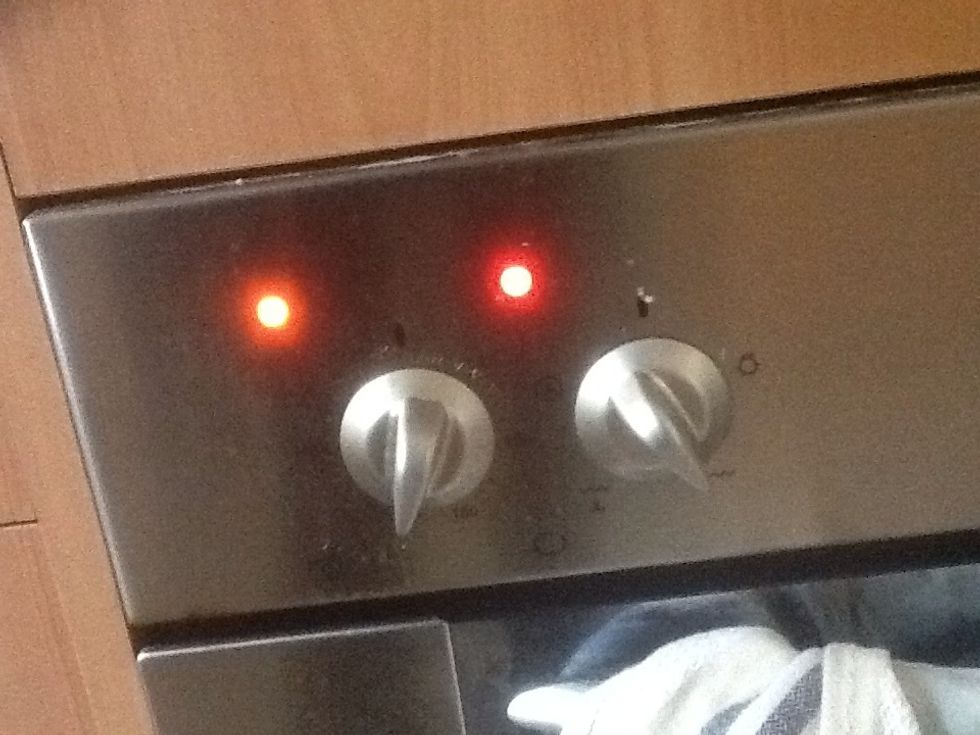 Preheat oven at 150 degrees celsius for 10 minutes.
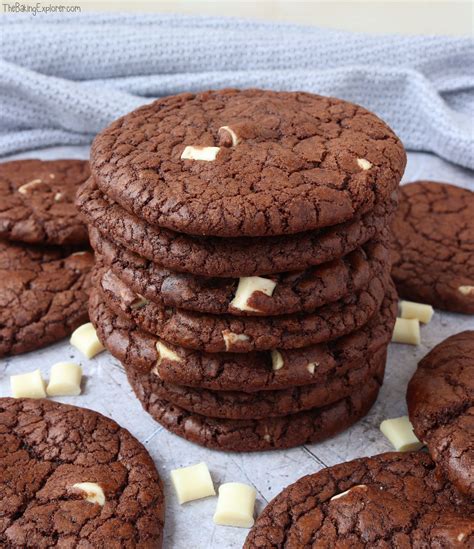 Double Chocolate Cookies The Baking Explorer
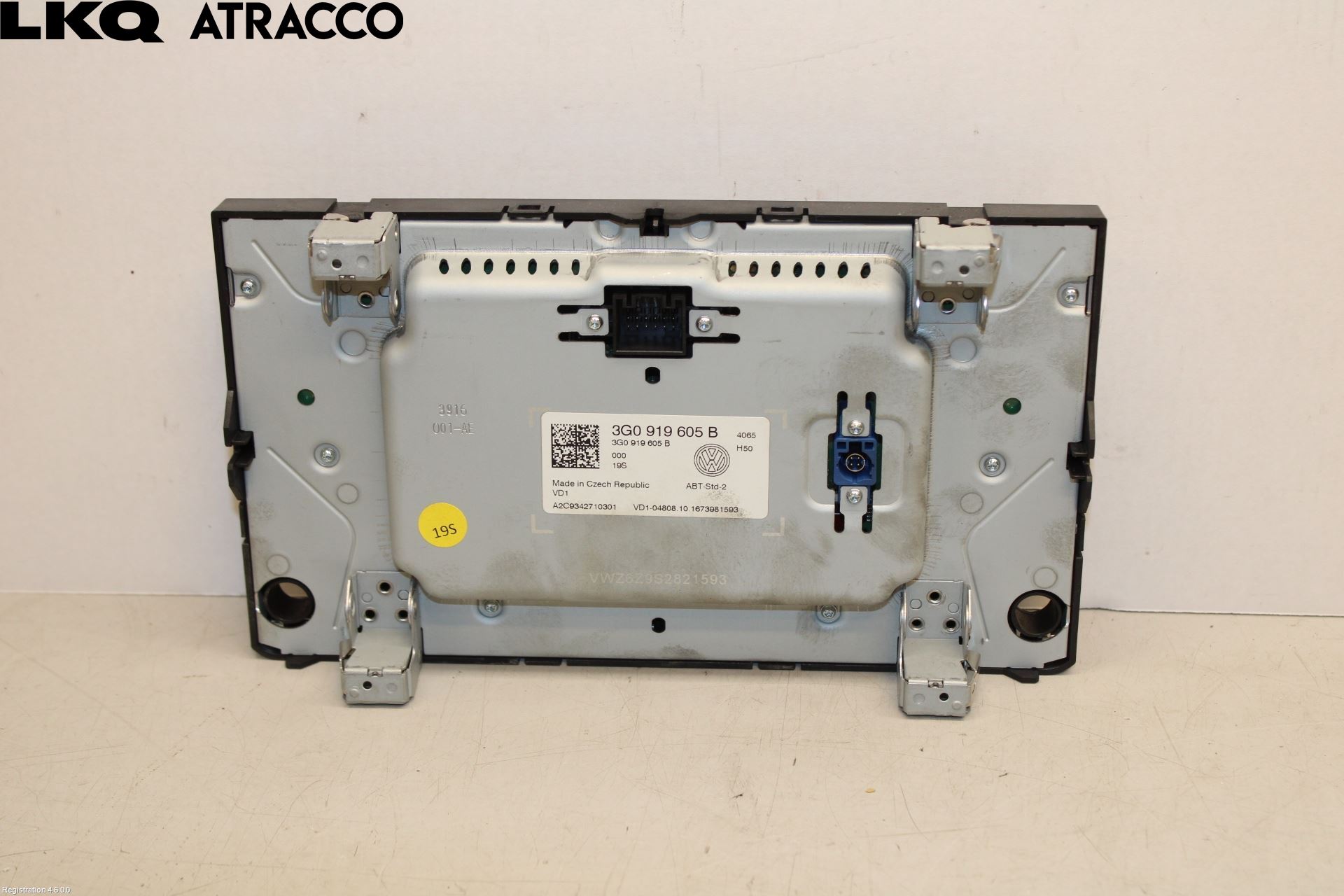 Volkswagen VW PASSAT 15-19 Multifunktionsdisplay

==

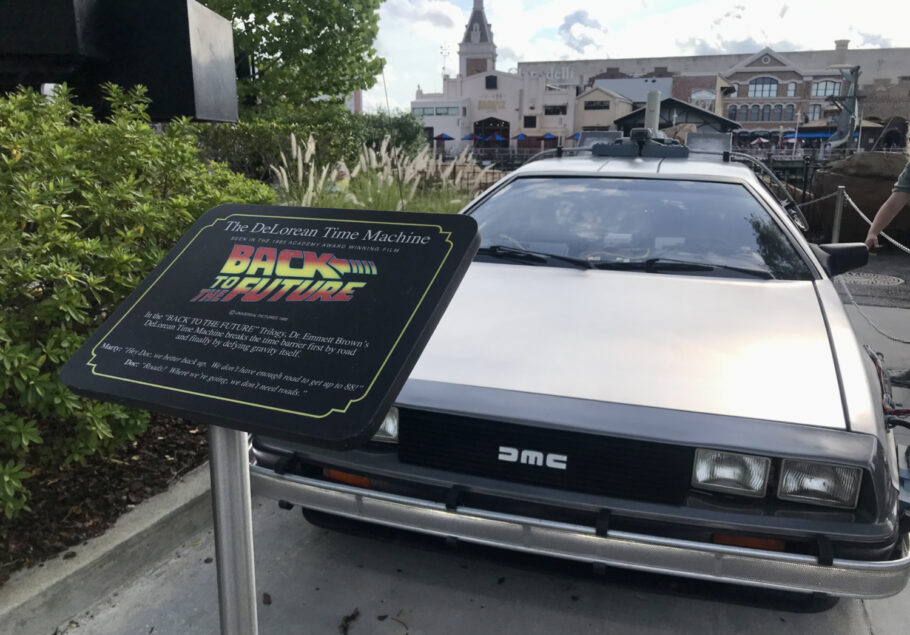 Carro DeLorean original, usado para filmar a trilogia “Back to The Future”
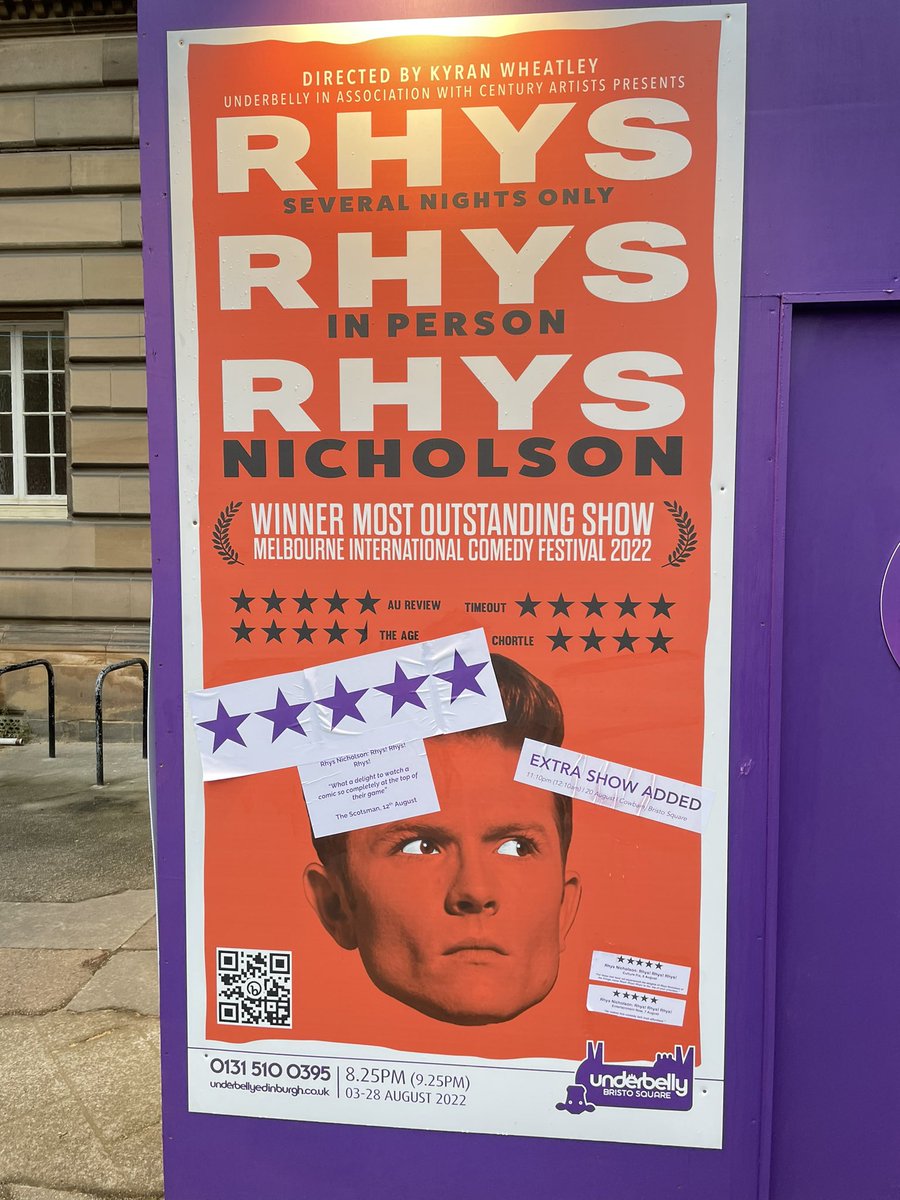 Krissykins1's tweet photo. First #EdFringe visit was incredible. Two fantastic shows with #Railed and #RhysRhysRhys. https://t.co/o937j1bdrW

* **Directions for this task**
In the data above, find the line containing "Double Chocolate Cookies The Baking Explorer" and the line containing "Volkswagen VW PASSAT". Repeat those two lines and everything between them exactly, minus the pictures.

* **Task answer**
 Double Chocolate Cookies The Baking Explorer
 Volkswagen VW PASSAT 15-19 Multifunktionsdisplay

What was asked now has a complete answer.